Figure 3. Effect of FYGL on cell growth and cell viability in STZ‐induced INS‐1 cells. (a) INS‐1 cells were incubated with various concentrations of FYGL (0, 50, 100, 200, 500 and 1000 μg·mL−1) for 24 h, and cell growth was measured by CCK-8 assay. (b) INS‐1 cells were pre-treated with FYGL (0, 100, 200, 500 μg·mL−1) for 4 h, then incubated for 24 h with or without 0.3 mM STZ. The cell viability of INS‐1 cells was determined by CCK-8 assay. All data were presented as mean ± S.D. (n = 5). ## P < 0.01 compared with STZ group; * P < 0.05, ** P < 0.01, *** P < 0.001 compared with control group. STZ: streptozotocin
Protection of INS-1 cells from STZ-induced apoptosis by FYGL
To prove the anti-apoptotic effect of FYGL, the flow cytometry analysis with annexin-V/PI staining was used to analyze the cell apoptosis in STZ‐induced INS‐1 cells. As shown in , when INS-1 pancreatic β cells were treated with 0.3 mM STZ for 24 h, the ratio of early apoptotic cells was markedly higher than that of control group, while cells co-incubated with 100, 200 and 500 μg/mL of FYGL for 24 h resulted in a markedly reduction in cell apoptosis, which was consistent with the CCK-8 assay results, suggesting that FYGL could protect INS-1 cells against apoptosis induced by STZ.
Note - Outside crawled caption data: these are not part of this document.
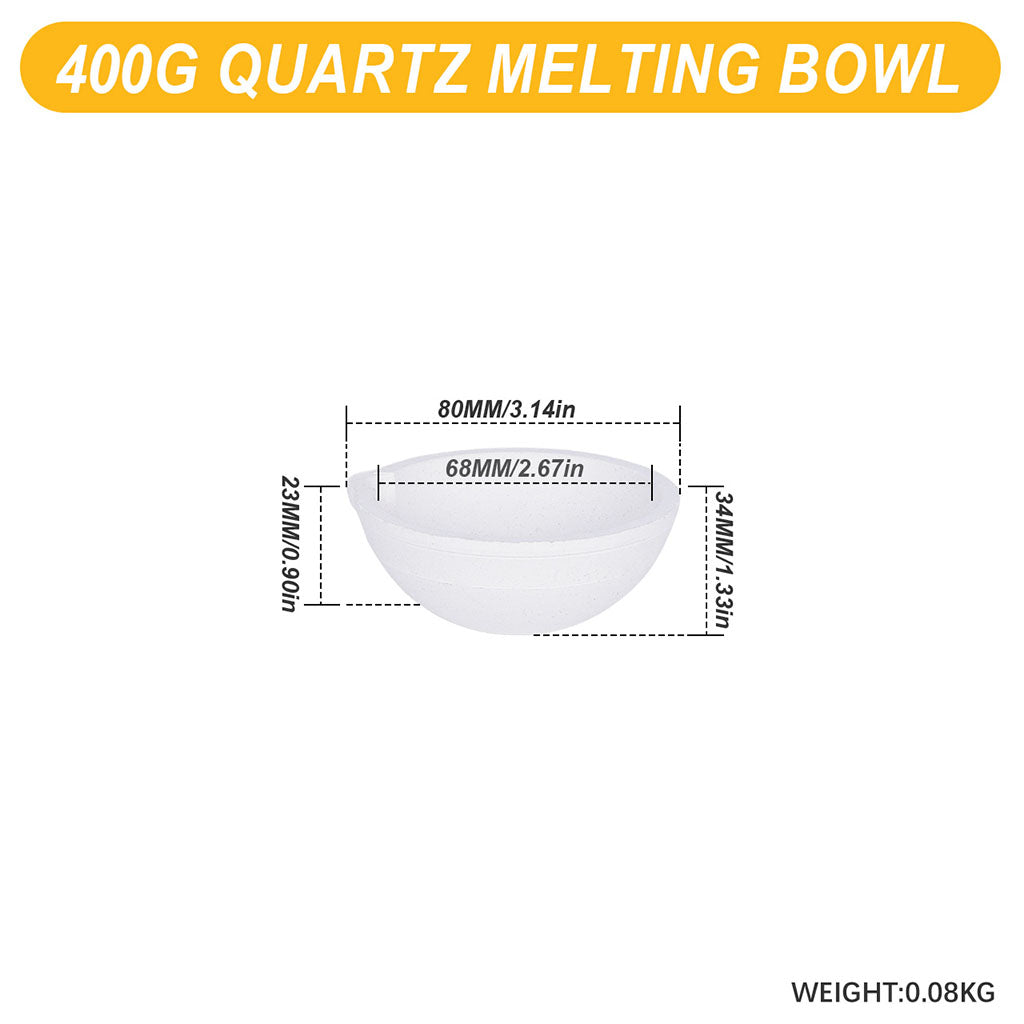 Tooltos Jewelry Tools 400G Multi-size Ceramic Quartz Crucible Bowl Melting Casting Refining Gold Silver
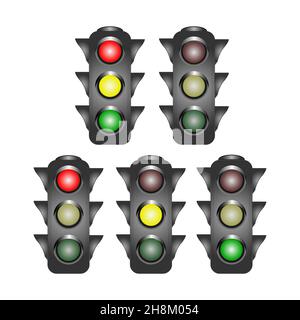 Set di semafori, immagine vettoriale isolata su sfondo bianco Illustrazione Vettoriale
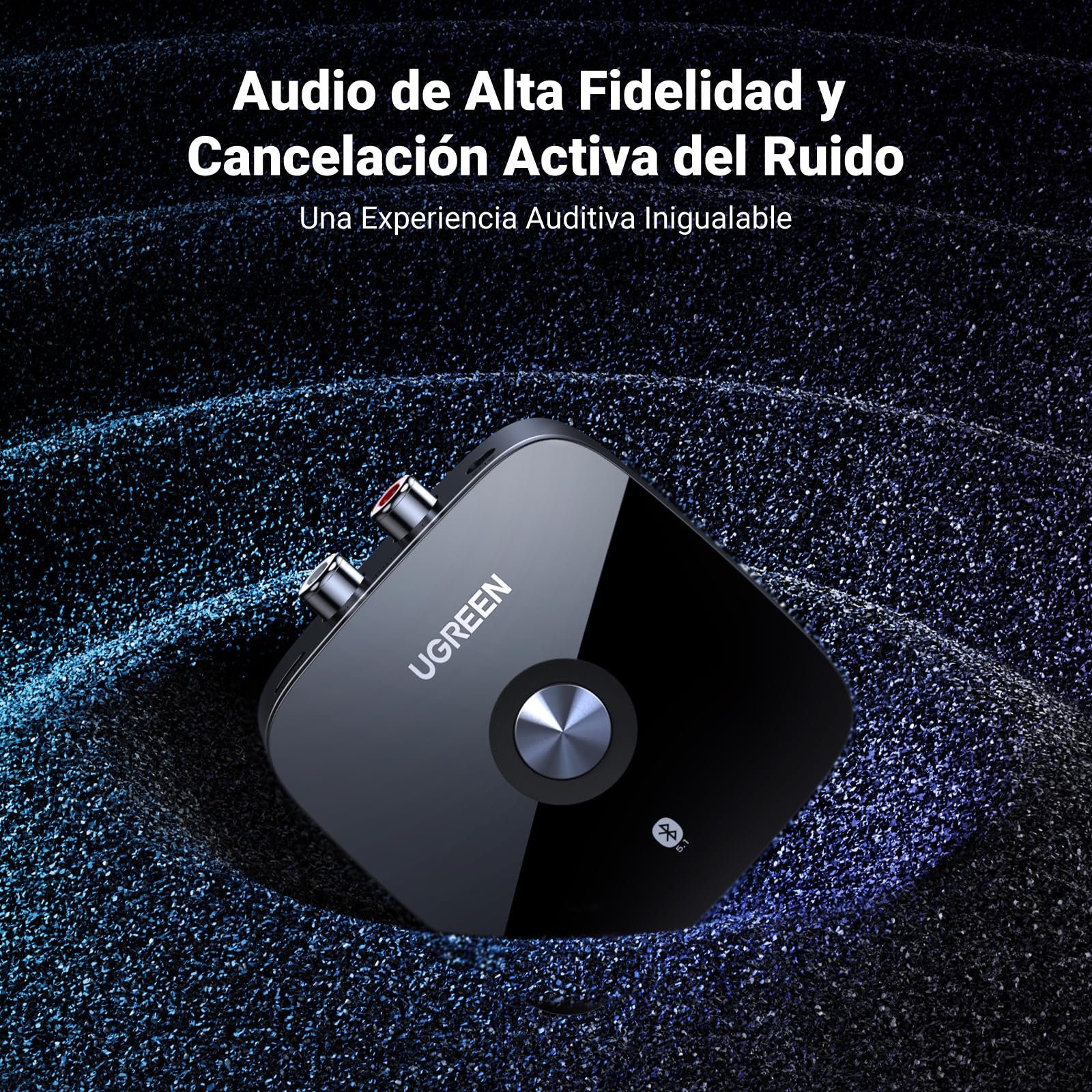 Receptor Bluetooth de Coche UGRRN Negro con Aux Dual Link Aptx HD para Teléfonos Inteligentes y Tabletas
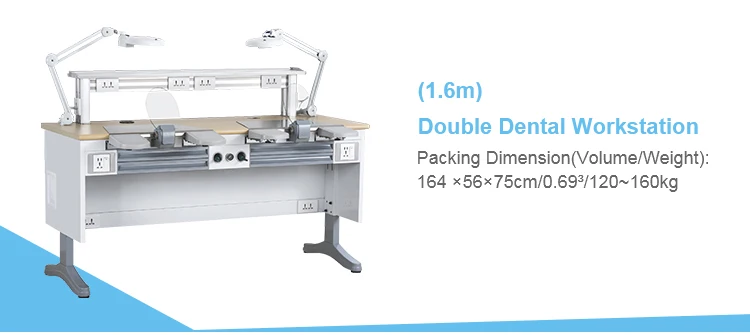 Dental technician desk double seats workbench dentist 1.6m workstation dentistry technician table hospital console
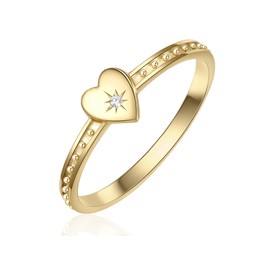 GLANZSTÜCKE MÜNCHEN Women's Heart Ring 925 Sterling Silver Yellow Gold-Plated with White Zirconia – Motiving Silver Ring Gold-Plated, 60, Silver, No Gemstone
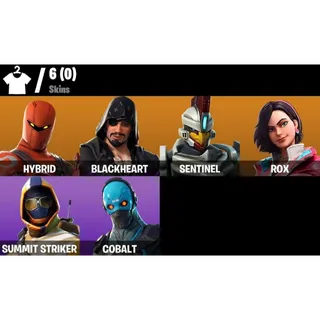 Fortnite: 6 SKINS Hybrid | Blackheart | Cobalt | Summit Striker | Sentinel | Rox + 550 VB ✅ All Platforms ✉️ Full Access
Figure 4. Effect of FYGL on cell apoptosis in STZ‐induced INS‐1 cells. INS-1 cells were pretreated with FYGL (0, 100, 200, 500 μg/mL) for 4 h, followed by exposure to 0.3 mM STZ for 24 h. (a) Cell apoptosis was analyzed using flow cytometric assay with annexin V-FITC and PI-staining. (b) Quantitative analysis of cell apoptosis determined by flow cytometric assay. All data were presented as mean ± S.D. for three independent experiments. ## P < 0.01, ### P < 0.001 compared with STZ group; *** P < 0.001 compared with control group
Effect of FYGL on intracellular reactive oxygen species and nitric oxide
As shown in , the level of ROS in INS-1 cells was significantly increased after cells were induced by STZ for 24 h. However, the co-cultured cells with different concentrations of FYGL and STZ for 24 h resulted in a significant decrease in ROS generation. Furthermore, we detected the level of NO in STZ‐induced INS-1 cells. As indicated in , cells exposed to STZ for 24 h significantly elevated the level of NO, while the NO levels in FYGL-treated cells were reduced in a dose-dependent manner. Collectively, these findings indicated that FYGL attenuated the oxidative stress induced by STZ through decreasing ROS level and NO release in INS-1 cells.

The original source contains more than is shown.